:: Aim of the exercise ::
Throughout the listing below, copy each line containing "Luxury".

:: Task input ::
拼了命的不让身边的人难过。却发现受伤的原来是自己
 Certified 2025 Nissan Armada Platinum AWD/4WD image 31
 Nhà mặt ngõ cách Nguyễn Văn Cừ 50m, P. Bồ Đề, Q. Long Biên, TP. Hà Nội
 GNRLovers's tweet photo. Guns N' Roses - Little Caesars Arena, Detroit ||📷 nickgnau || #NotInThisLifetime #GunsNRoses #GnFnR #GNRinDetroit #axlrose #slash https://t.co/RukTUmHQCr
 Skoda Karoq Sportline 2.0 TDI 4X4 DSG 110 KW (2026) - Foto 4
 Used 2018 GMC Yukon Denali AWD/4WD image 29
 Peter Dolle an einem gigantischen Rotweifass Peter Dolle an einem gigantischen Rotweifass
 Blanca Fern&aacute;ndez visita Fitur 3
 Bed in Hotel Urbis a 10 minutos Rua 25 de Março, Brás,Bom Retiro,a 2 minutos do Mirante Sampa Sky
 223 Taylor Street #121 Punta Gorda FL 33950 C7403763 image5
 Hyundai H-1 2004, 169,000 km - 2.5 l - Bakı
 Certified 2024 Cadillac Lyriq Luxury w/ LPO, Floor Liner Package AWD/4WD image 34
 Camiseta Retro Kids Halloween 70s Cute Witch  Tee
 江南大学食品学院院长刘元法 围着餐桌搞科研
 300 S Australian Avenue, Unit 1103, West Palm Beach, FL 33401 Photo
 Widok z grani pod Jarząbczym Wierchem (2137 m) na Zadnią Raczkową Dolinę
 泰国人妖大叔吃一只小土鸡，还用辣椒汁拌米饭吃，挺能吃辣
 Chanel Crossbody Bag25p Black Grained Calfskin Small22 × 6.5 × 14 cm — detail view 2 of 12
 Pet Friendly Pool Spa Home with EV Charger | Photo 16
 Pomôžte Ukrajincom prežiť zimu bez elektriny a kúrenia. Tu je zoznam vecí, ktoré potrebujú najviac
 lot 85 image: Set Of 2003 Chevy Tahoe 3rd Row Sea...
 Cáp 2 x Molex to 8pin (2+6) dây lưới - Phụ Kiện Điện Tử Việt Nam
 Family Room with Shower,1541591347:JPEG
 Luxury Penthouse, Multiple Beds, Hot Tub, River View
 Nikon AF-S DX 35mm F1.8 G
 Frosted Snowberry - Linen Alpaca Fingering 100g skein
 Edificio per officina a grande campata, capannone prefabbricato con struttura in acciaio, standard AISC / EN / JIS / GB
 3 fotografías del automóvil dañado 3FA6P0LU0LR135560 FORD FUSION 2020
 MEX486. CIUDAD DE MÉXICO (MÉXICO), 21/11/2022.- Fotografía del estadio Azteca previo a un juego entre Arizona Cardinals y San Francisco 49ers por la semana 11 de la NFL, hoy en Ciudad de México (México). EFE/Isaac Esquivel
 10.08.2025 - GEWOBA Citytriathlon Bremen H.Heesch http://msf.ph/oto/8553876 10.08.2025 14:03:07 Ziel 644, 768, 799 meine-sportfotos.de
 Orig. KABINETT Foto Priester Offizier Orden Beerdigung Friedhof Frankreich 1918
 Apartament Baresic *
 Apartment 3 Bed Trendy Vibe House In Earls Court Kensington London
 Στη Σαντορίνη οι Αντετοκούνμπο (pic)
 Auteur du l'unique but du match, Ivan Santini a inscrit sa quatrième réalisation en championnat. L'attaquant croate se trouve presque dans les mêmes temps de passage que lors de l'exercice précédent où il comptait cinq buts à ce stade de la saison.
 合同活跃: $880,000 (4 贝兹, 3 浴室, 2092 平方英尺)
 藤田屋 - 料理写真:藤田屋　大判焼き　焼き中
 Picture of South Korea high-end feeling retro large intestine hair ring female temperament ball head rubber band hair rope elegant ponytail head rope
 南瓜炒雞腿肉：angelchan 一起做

:: Result for this exercise ::
 Certified 2024 Cadillac Lyriq Luxury w/ LPO, Floor Liner Package AWD/4WD image 34
 Luxury Penthouse, Multiple Beds, Hot Tub, River View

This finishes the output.